## Exercise aim
Give the number of lines in the data below that contain "small", with no other words.

### Given records ###

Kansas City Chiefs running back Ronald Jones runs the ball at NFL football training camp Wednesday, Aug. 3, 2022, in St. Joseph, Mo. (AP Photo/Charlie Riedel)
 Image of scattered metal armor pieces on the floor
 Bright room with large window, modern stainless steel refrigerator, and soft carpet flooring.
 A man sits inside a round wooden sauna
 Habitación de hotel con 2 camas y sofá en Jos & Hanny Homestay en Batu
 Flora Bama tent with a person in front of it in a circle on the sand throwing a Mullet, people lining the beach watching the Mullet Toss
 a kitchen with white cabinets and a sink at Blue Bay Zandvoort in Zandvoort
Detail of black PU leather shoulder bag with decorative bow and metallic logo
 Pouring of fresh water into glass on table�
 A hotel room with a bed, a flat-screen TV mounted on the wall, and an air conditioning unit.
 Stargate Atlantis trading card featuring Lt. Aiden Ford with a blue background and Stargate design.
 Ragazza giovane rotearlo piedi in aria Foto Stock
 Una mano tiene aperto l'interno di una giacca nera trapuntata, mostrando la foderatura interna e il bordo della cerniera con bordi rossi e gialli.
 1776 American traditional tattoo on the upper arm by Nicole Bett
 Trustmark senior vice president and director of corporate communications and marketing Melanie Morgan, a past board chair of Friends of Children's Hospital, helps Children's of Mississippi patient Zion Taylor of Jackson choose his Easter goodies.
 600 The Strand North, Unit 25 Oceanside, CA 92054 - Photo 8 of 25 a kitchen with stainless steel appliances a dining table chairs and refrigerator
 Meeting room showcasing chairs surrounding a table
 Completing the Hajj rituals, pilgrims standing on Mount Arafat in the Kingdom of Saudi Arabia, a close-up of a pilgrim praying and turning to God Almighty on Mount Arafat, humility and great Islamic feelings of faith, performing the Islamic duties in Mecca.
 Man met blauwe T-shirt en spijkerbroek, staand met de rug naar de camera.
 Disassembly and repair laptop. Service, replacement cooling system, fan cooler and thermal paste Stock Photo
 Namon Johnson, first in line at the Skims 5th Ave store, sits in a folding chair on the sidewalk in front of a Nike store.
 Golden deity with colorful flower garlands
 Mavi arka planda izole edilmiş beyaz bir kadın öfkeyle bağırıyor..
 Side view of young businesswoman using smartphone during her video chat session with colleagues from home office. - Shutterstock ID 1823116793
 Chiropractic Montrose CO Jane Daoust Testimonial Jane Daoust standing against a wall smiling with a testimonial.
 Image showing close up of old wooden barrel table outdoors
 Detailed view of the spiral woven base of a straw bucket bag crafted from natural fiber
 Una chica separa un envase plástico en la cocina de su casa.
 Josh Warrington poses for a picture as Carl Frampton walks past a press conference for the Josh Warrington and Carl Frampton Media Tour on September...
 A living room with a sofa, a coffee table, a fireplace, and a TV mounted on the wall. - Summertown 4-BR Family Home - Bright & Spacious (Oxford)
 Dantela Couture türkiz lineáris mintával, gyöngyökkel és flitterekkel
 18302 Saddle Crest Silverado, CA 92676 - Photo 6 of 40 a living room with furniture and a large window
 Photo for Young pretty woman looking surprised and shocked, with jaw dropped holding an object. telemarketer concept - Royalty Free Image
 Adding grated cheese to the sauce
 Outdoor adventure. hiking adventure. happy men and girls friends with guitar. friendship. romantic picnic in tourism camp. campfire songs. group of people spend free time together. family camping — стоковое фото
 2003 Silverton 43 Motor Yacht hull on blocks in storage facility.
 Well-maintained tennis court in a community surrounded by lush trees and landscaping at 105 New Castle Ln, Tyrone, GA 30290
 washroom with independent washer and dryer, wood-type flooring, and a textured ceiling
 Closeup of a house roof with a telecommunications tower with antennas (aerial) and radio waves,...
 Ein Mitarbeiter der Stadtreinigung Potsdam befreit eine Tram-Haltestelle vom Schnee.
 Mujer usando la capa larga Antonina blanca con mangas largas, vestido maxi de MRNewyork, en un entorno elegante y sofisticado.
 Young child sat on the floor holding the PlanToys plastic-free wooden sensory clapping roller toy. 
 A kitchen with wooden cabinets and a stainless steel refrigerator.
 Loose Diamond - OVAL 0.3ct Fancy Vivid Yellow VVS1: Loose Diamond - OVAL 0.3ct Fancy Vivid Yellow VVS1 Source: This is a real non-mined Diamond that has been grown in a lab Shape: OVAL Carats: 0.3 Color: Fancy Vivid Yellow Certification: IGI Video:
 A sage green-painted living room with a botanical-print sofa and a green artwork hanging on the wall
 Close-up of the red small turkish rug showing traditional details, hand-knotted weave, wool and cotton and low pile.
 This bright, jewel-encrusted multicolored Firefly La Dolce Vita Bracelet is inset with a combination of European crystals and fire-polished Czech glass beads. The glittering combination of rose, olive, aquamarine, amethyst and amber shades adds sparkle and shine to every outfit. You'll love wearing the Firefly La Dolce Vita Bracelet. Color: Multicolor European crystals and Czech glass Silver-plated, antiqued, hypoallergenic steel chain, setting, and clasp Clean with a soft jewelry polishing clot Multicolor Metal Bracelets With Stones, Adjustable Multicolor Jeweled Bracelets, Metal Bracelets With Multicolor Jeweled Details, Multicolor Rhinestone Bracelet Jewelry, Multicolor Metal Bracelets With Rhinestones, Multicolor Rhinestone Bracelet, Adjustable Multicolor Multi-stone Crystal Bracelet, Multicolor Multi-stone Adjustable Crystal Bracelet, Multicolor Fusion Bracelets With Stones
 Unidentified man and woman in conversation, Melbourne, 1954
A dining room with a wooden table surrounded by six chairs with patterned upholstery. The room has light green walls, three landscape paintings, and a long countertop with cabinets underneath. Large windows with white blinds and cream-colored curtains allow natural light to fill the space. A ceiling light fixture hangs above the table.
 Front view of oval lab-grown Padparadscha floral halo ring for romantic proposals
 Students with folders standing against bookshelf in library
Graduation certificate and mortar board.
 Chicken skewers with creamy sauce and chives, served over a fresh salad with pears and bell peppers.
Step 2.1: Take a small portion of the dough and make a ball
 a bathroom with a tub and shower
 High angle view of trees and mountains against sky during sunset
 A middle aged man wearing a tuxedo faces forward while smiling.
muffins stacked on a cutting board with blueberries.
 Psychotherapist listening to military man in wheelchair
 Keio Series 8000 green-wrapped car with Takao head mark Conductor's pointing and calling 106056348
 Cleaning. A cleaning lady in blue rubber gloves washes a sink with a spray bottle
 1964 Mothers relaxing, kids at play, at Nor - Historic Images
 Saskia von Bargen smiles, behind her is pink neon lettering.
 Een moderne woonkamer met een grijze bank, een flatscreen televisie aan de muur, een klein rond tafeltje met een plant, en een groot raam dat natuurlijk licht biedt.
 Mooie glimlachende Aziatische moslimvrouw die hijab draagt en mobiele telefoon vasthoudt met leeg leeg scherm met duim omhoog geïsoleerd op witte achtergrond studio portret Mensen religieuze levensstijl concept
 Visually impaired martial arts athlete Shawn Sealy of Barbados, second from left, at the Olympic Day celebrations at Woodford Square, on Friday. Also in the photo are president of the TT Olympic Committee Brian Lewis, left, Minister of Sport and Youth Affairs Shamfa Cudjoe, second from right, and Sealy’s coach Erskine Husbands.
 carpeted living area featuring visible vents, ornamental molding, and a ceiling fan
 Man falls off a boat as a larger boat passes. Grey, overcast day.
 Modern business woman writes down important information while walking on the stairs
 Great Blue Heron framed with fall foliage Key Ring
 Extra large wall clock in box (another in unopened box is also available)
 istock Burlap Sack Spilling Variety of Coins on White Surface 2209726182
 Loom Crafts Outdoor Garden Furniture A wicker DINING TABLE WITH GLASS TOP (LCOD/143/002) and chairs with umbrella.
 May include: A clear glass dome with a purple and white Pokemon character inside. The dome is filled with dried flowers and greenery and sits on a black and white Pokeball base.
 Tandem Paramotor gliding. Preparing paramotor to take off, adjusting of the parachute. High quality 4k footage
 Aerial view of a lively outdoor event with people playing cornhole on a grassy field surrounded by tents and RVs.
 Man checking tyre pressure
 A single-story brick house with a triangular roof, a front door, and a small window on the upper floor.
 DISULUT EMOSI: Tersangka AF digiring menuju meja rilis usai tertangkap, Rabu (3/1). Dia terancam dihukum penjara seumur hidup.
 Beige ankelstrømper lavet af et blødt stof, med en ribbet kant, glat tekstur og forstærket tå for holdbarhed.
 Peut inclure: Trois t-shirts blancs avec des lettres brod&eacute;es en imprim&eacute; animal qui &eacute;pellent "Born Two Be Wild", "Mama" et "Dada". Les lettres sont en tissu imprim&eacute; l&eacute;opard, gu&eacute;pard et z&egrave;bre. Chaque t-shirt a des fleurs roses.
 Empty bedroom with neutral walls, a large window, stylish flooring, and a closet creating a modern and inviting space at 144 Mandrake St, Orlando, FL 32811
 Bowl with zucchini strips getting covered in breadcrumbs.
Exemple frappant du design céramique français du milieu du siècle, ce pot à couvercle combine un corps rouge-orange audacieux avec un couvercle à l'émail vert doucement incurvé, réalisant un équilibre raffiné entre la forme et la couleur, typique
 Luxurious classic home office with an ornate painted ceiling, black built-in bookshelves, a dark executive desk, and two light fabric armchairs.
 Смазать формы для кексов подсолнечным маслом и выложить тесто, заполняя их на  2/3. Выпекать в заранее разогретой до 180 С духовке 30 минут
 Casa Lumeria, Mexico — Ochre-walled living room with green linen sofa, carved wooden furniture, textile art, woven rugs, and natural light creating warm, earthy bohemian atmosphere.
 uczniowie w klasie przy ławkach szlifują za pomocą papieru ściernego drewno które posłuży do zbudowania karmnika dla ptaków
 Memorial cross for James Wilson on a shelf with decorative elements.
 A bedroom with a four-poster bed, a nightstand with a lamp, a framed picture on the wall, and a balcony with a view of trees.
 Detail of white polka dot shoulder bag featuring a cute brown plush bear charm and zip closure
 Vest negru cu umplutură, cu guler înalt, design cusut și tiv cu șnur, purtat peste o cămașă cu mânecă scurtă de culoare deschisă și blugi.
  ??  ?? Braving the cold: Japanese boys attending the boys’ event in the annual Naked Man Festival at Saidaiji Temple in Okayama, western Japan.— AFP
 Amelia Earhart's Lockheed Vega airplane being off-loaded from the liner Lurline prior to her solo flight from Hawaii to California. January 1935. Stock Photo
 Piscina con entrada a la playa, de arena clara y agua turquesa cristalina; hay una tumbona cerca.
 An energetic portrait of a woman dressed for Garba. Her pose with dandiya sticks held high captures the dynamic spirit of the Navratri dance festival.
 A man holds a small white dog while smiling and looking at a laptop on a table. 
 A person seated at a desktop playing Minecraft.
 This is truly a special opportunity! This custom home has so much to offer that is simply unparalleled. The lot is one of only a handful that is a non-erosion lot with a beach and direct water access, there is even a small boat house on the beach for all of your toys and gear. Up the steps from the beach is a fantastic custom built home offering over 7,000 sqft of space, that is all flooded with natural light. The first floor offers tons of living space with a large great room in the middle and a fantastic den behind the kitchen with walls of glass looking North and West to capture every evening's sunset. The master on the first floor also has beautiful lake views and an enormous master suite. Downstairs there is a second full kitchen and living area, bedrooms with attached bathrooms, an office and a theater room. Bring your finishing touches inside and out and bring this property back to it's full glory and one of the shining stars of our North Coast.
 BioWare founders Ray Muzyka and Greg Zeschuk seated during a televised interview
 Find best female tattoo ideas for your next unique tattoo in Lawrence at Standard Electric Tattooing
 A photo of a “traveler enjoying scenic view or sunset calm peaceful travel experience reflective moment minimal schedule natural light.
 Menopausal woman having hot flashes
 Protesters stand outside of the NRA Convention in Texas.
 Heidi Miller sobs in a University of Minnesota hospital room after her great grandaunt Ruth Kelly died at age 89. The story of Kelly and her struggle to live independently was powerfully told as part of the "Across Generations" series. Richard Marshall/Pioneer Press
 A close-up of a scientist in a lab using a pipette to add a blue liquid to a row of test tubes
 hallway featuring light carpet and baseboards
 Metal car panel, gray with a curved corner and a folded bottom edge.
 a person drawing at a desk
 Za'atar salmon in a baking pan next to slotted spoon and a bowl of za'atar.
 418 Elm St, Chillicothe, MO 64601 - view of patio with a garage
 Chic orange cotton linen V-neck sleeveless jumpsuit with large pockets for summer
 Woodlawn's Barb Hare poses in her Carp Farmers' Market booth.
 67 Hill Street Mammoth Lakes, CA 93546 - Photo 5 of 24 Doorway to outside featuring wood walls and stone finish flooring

###

## The completed task
5